#### [YOUR OBJECTIVE]
After locating the line with "Macchina da scrivere Underwood 450" below, output it and each following line exactly, stopping after the line with "حفل عمرو دياب في العلمين الجديدة". No pictures.

#### [RECORD EXCERPTS]
---+---
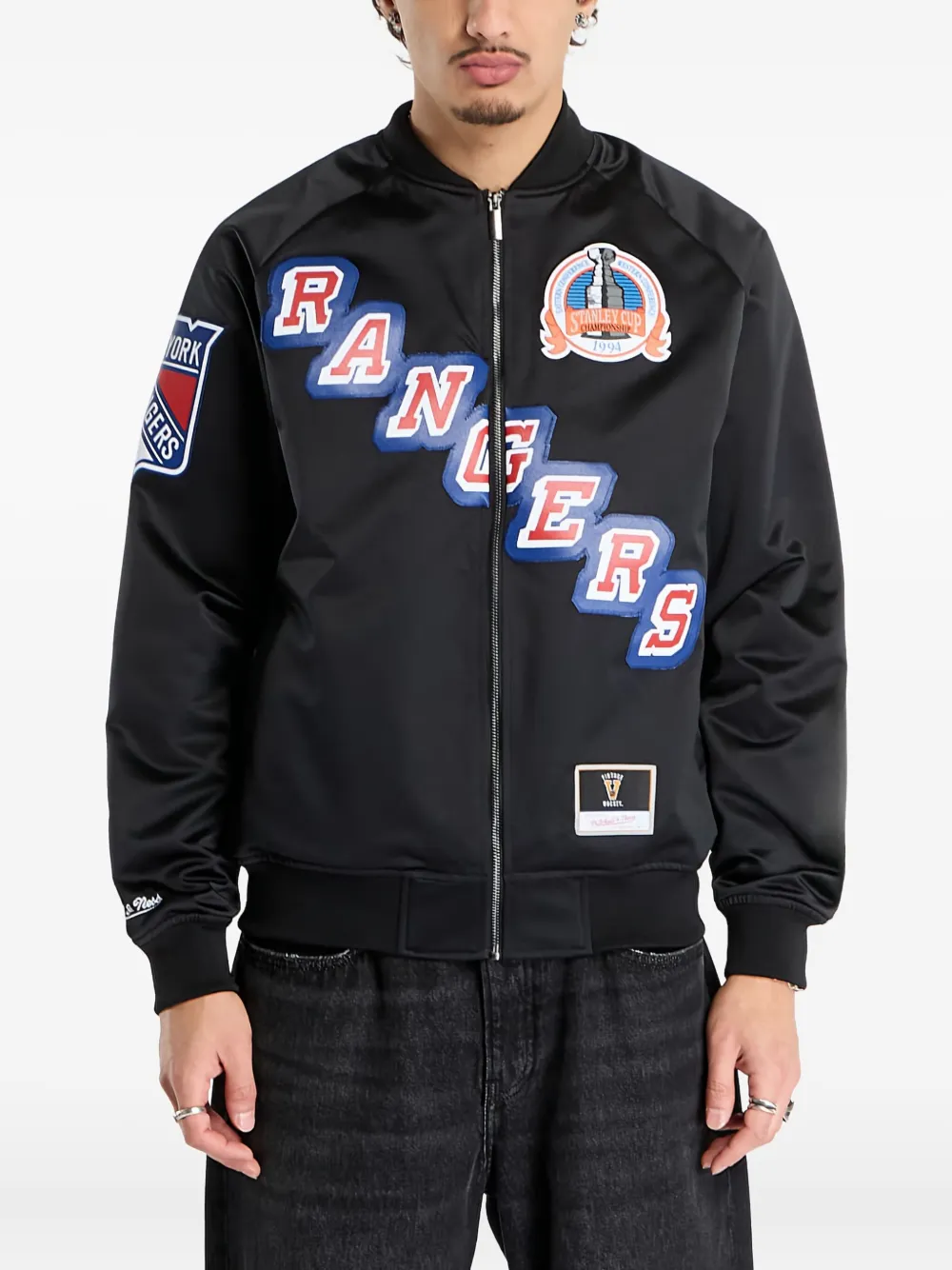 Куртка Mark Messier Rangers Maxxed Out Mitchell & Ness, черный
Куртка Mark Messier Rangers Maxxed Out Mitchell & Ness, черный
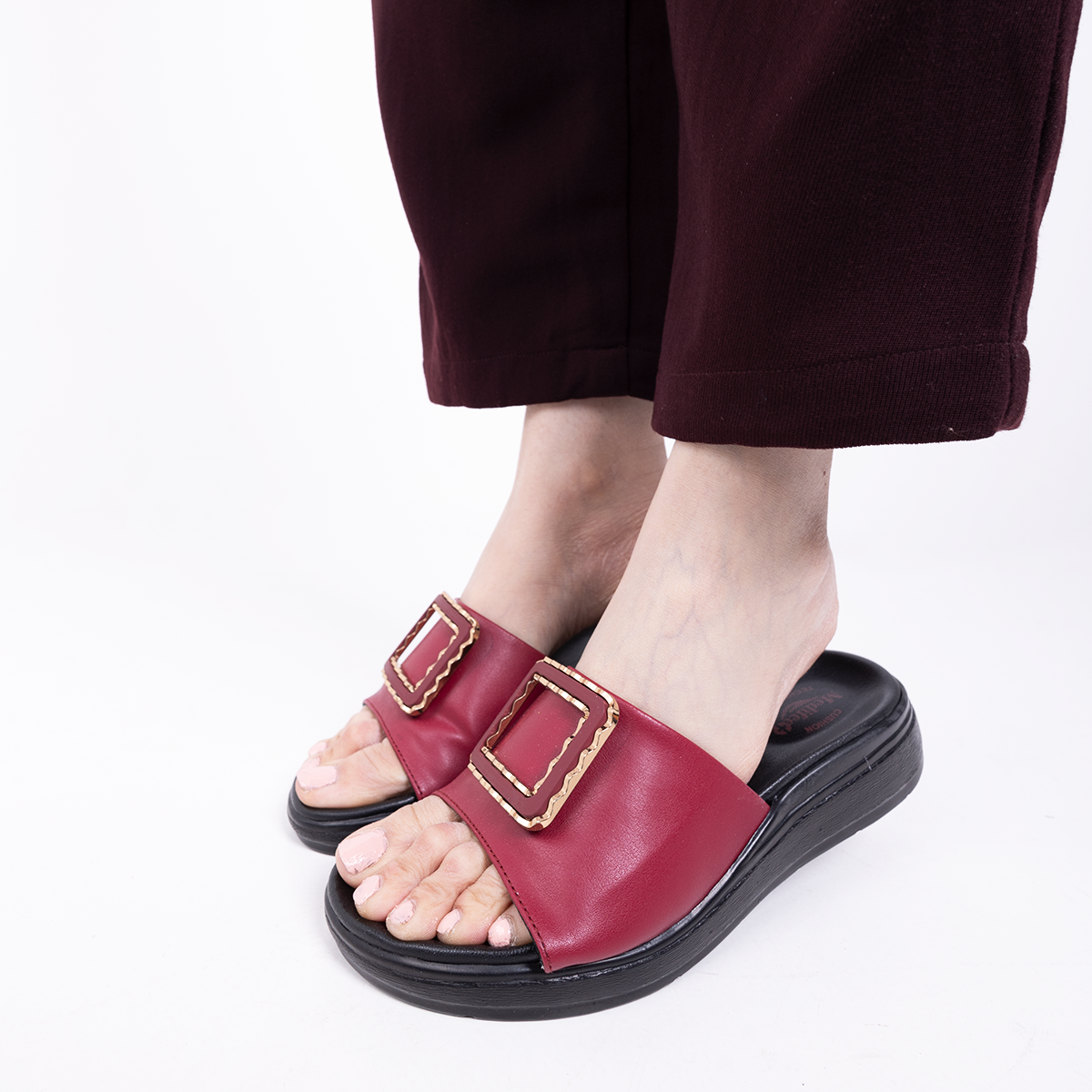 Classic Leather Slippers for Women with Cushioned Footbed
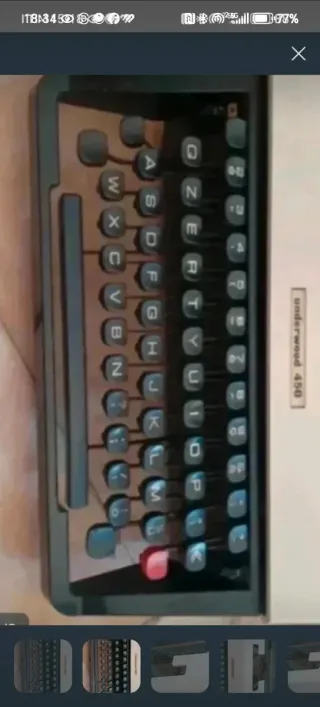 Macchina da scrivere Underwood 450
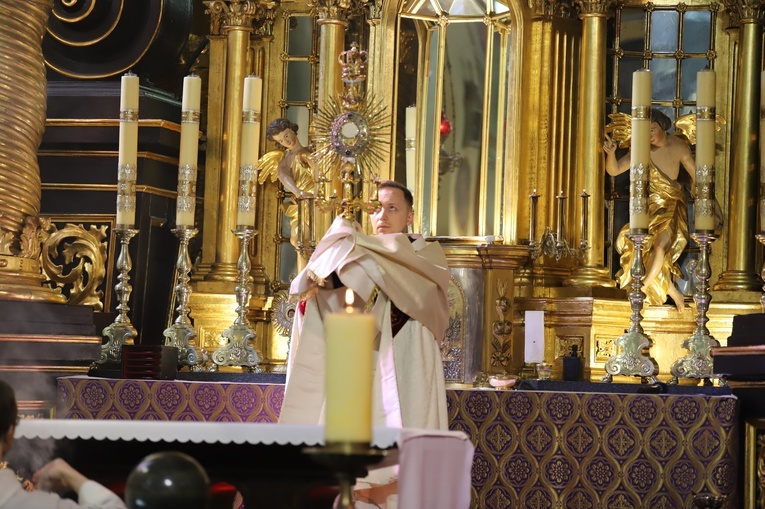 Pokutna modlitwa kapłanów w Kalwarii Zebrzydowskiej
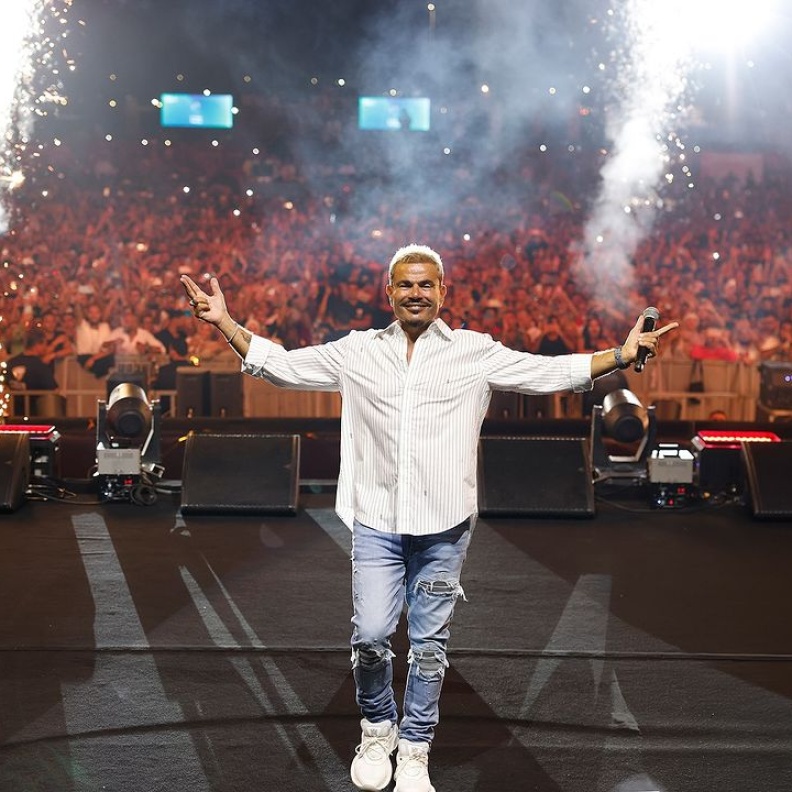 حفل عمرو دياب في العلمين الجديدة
---+---
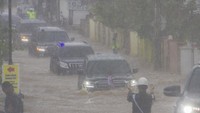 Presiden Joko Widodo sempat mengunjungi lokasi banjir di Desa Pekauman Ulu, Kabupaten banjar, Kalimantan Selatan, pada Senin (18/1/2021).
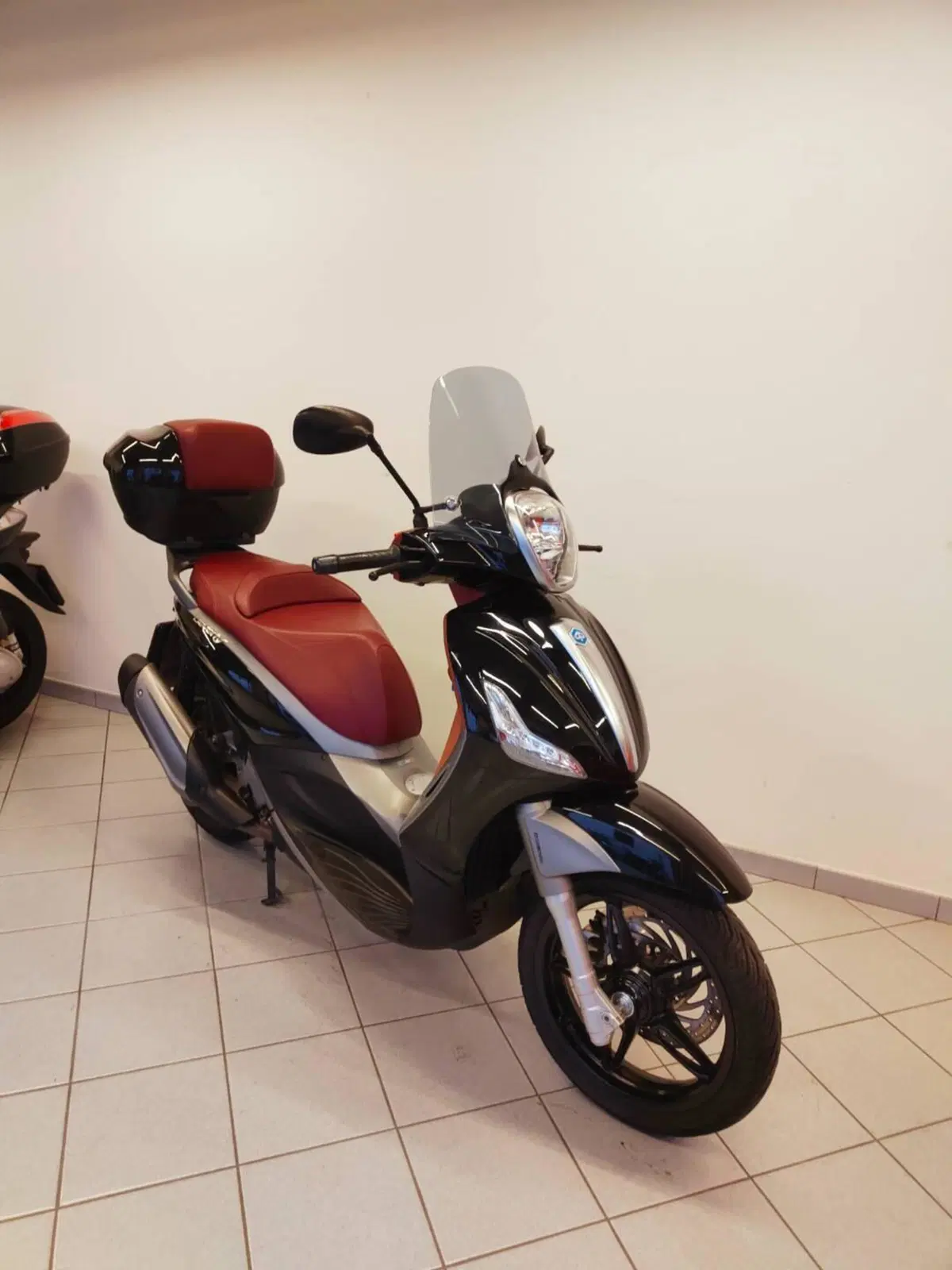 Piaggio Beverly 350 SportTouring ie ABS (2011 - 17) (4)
---+---
#### [OUTPUT FOR THIS EXERCISE]
 Macchina da scrivere Underwood 450
 Pokutna modlitwa kapłanów w Kalwarii Zebrzydowskiej
 حفل عمرو دياب في العلمين الجديدة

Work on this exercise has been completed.